За приземленностью истории, остается лишь констатировать единственный в своем роде блистательный актерский дуэт, эхо его грандиозного имени затмило и сам фильм, и даже исполнение. Но стоит признать - без этих фигур от картины и вовсе бы осталась только художественность горчичных полей, да интрига поиска брода в речке. К сожалению, при всей аутентичности, тротила для вечного северного сияния в «Излучинах Миссури» оказалось недостаточно.

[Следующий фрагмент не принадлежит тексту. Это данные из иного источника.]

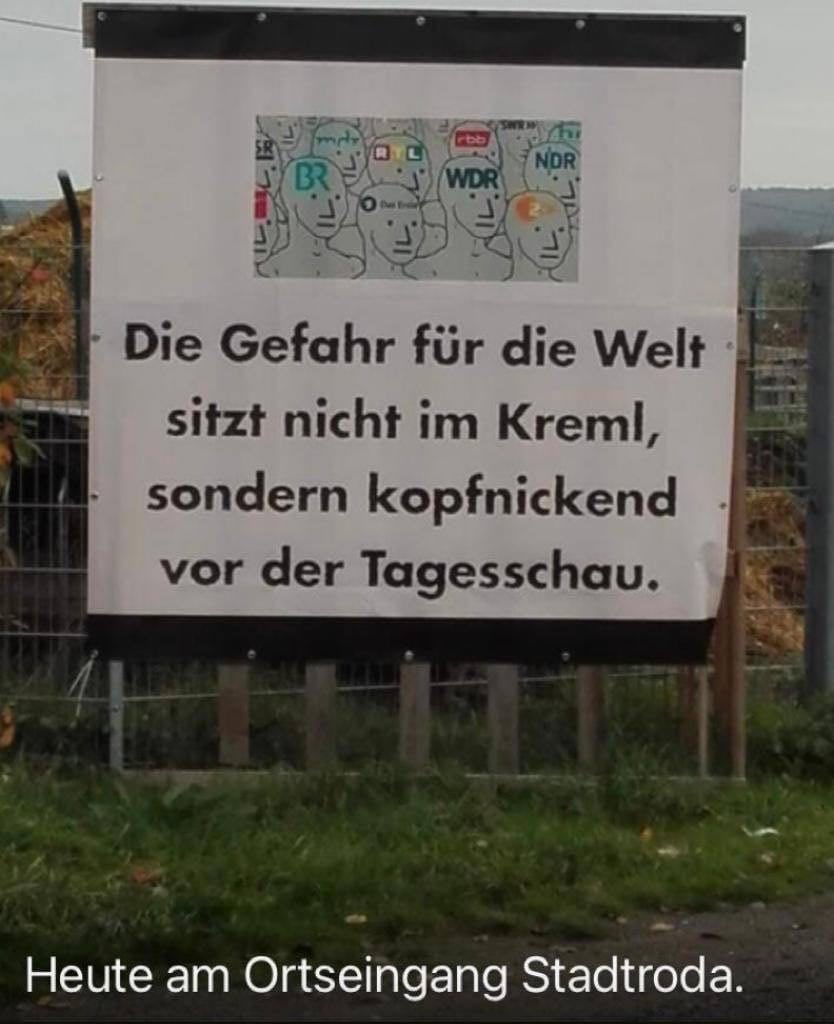 Heute, Ortseingang Stadtroda.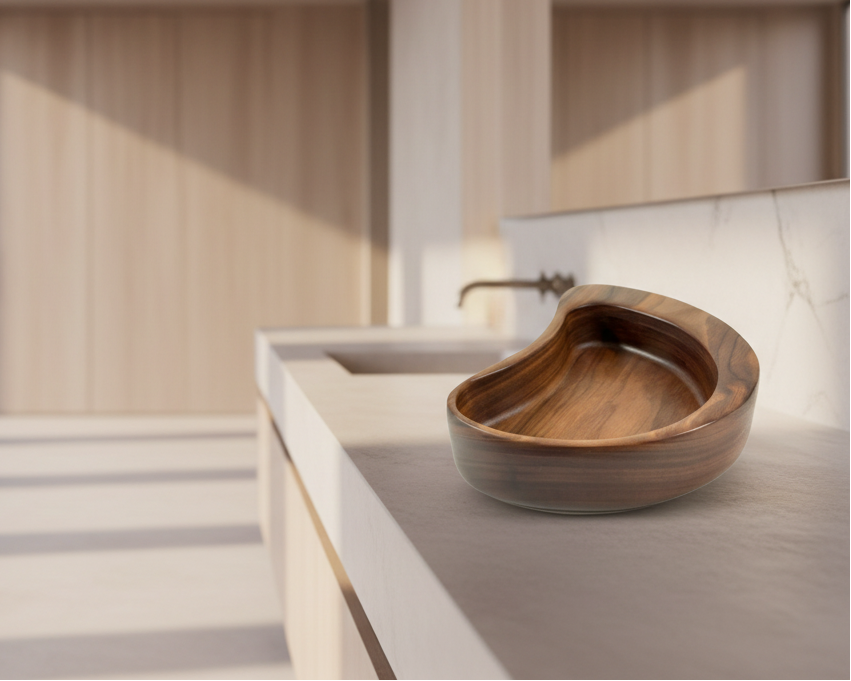 Hardwood Walnut Decorative Bowl Kidney Shaped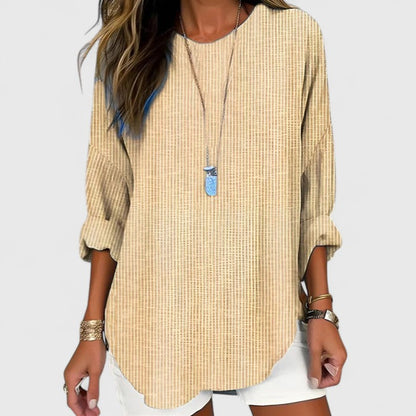 Cressida | Long Sleeve Striped Round Neck Relaxed Casual Linen Blouse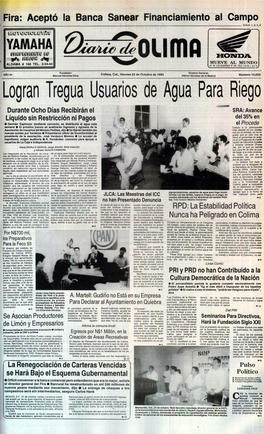 Logran Tregua Usuarios De Agua Para Riego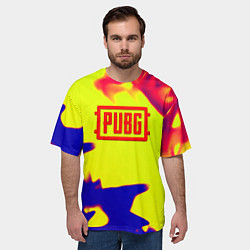 Футболка оверсайз мужская PUBG neon flame, цвет: 3D-принт — фото 2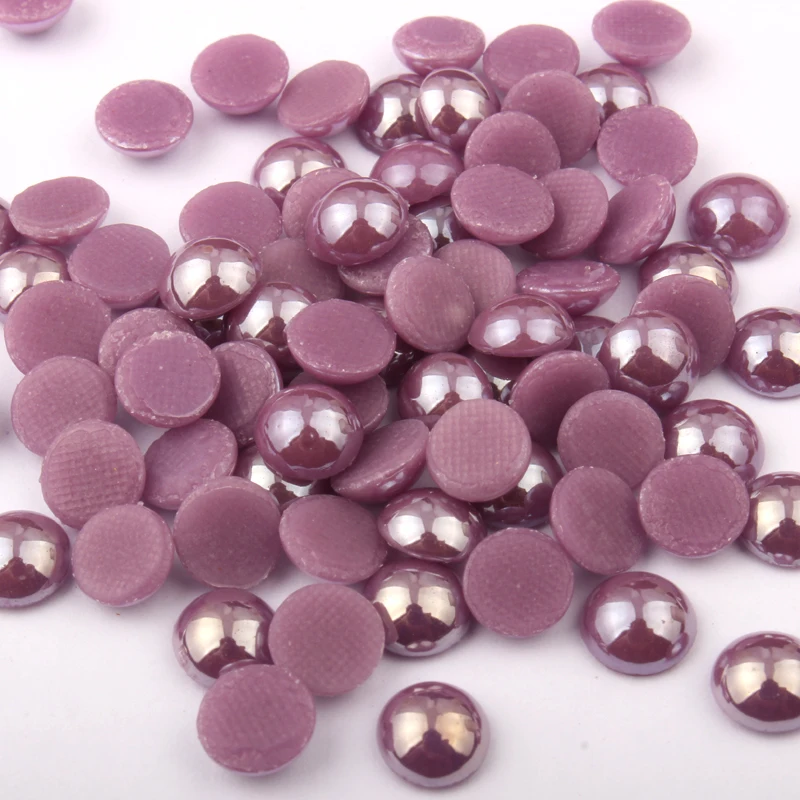 Hotfix Ceramic rhinestone Purple 6mm Iron-on half round pearls 300pcs/lot  free shipping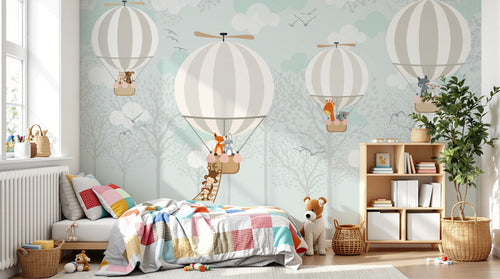 Design AS0688 — Papier peint Montgolfières Enfant — Novomur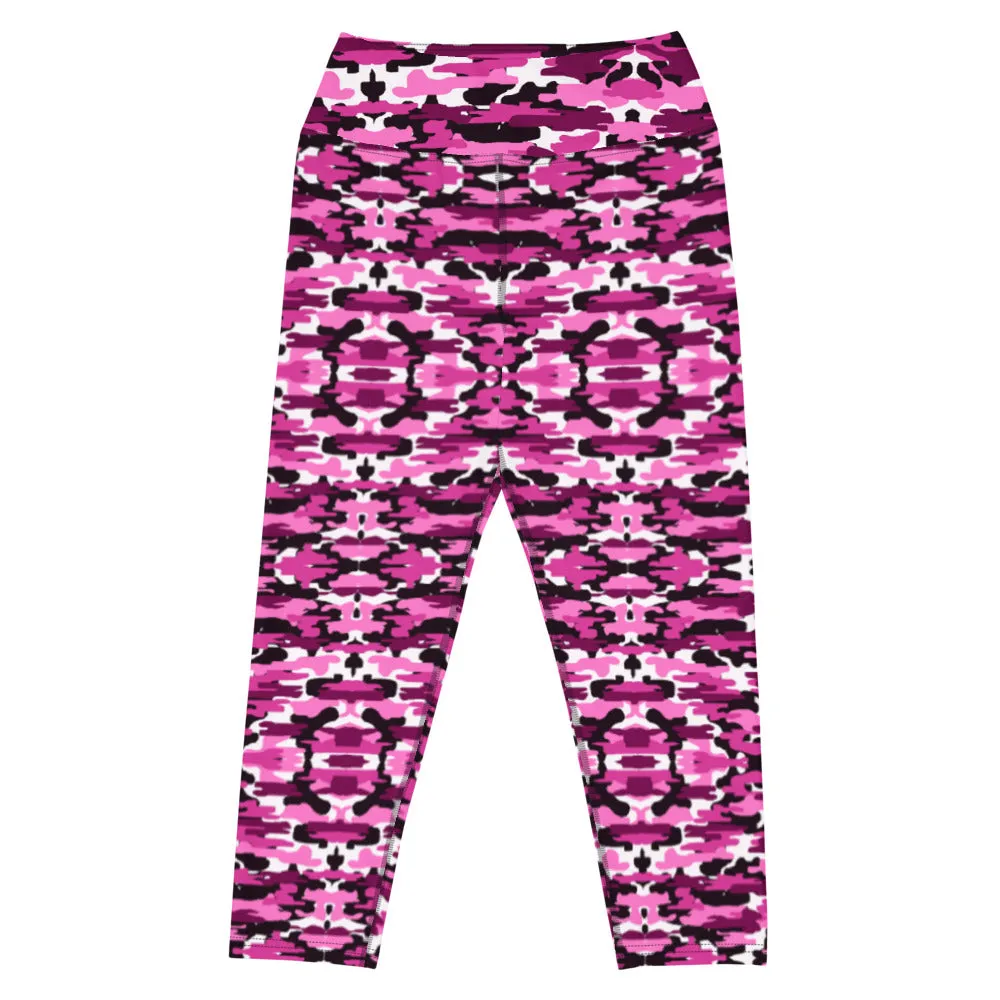 Pink Camo Yoga Capri Leggings, Camouflaged Women's Capris Tights For Women-Made in USA/EU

Сам по себе этот фильм мутноват, даже грязноват; такой себе несколько затянутый вестерн с претензией на эпатаж. Ради чего стоит его смотреть - так это ради неподражаемой и искромётной игры Марлона Брандо, этого ленивого гения мирового кинематографа. Одной левой, небрежно, дедушка Марлоша поворачивает тумблер и - бац! - включает на полную своего внутреннего беса. Джеки николсоны и прочие партнёры по фильму неизбежно отправляются не то что на второй, а на третий план (на втором норовистая лошадь Марлона). Фёдор Михайлович в таких случаях говорил: стушевались; тут-то и становится понятным, кто есть who. Как бы резвяся и играя, безо всякого напряжения, сверхчеловек Брандо демонстрирует одного из самых странных злодеев кино. Неприлично располневший красавец, одновременно жеманный и брутальный пузырь, седые космы по ветру, он 'как светлячок', по выражению самого Марлона, пролетает через картину, паля из ружья, поедая морковку, плескаясь в ванной, бренча на чём-то вроде балалайки и даже один раз выпустив газы. Кроме этого полёта вы ничего не запомните, всё остальное, банальное и глуповатое в сравнении с буйным гением мистера Брандо, неизбежно останется смазанным (между прочим, многое от актёрской манеры Марлона в этом фильме перенял впоследствии Джонни Депп, например, в попсовом образе Джека Воробья - но как и бывает в таких случаях, остался лишь подражателем). Концовка, предсказуемейшая с учётом жанра, становится дурацкой и нелепой, всё должно было быть по-другому, мы ведь все понимаем, но куда там, выйти за рамки подобно главному артисту ни у режиссёра, ни у сценариста не получилось.